● Aim of the exercise: Transcribe the records word for word. Leave every picture out.

● Data records:
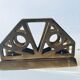 Porte lettres ancien en laiton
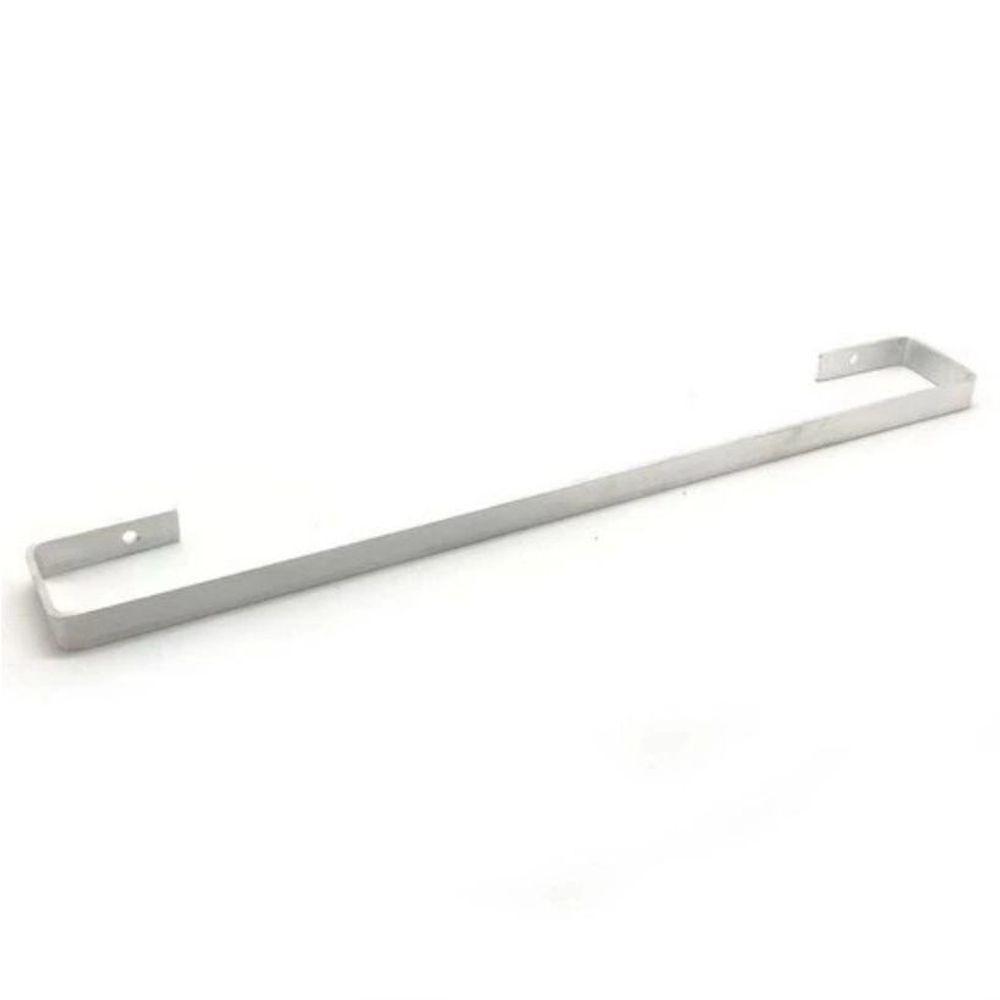 Porta Toalha De Banho Quadrado 49 Cm Alumínio Polido - 6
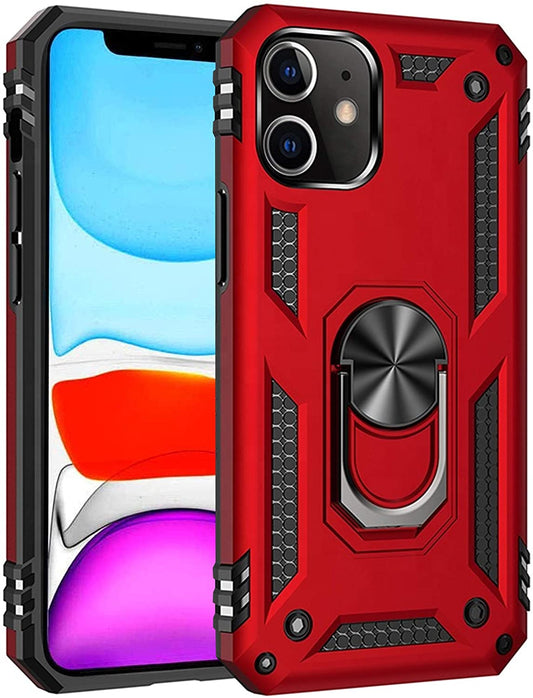 Hybrid Ring Case for iPhone 11 Red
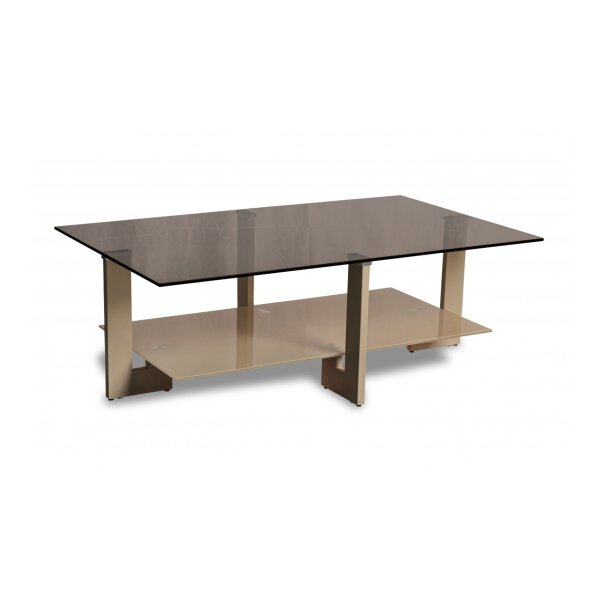 Couchtisch Napoli 2 Bronze & Cremweiß - ca. 100 x 60 cm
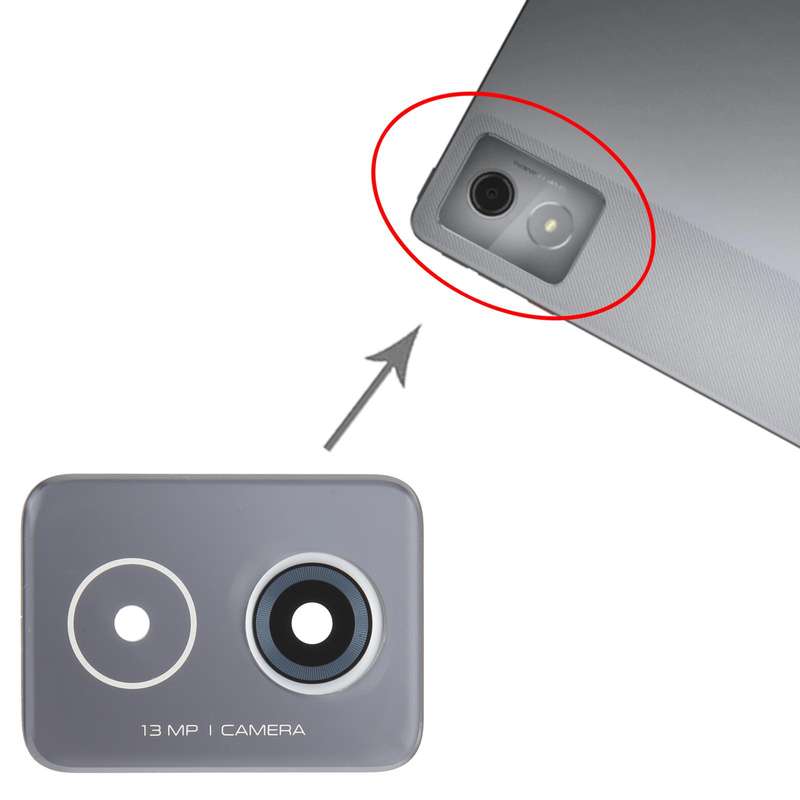 For Lenovo Tab K11 Plus TB352FU Original Back Camera Lens (Black)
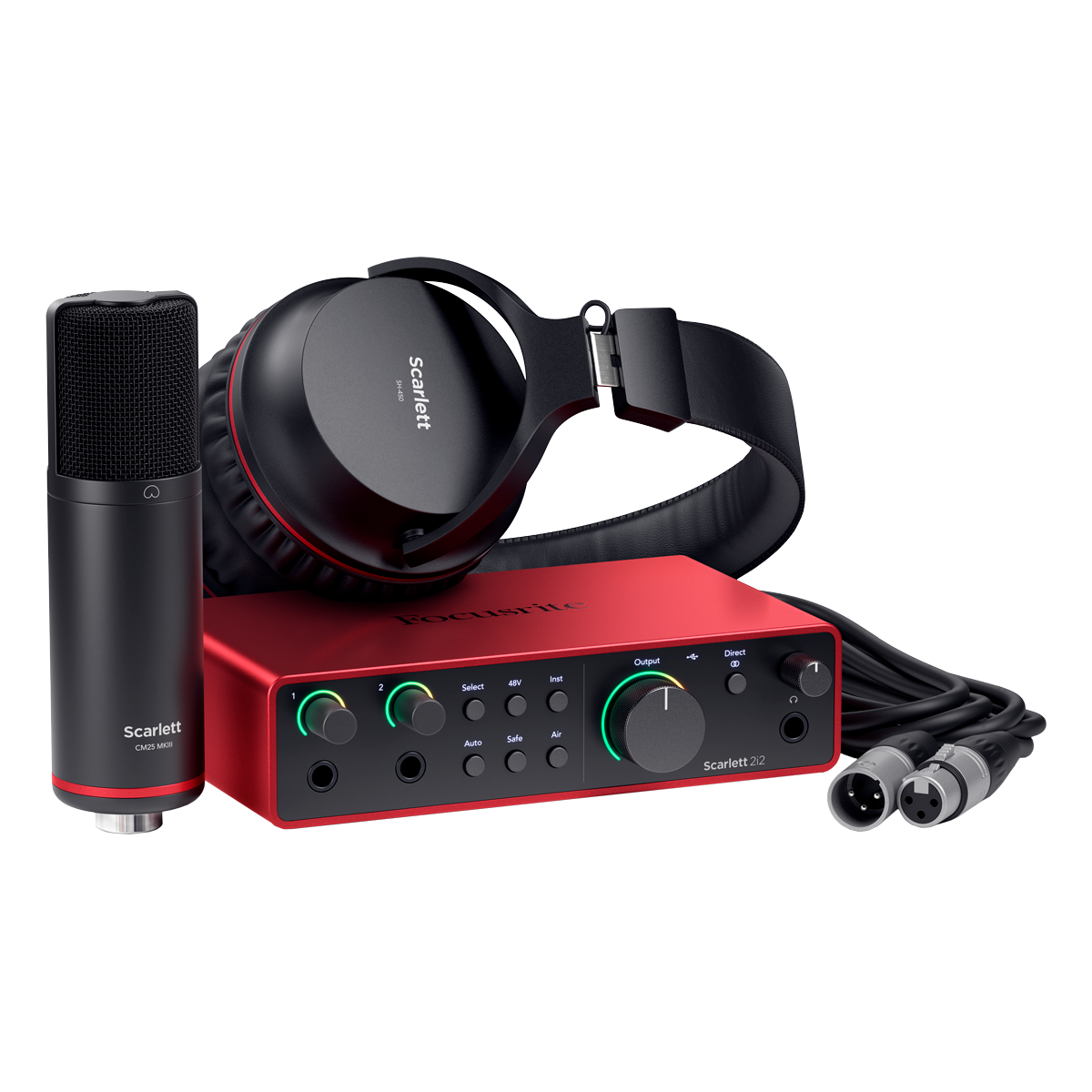 Packs Home Studio - Focusrite - SCARLETT4 2I2 STUDIO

● Solution:
 Porte lettres ancien en laiton
 Porta Toalha De Banho Quadrado 49 Cm Alumínio Polido - 6
 Hybrid Ring Case for iPhone 11 Red
 Couchtisch Napoli 2 Bronze & Cremweiß - ca. 100 x 60 cm
 For Lenovo Tab K11 Plus TB352FU Original Back Camera Lens (Black)
 Packs Home Studio - Focusrite - SCARLETT4 2I2 STUDIO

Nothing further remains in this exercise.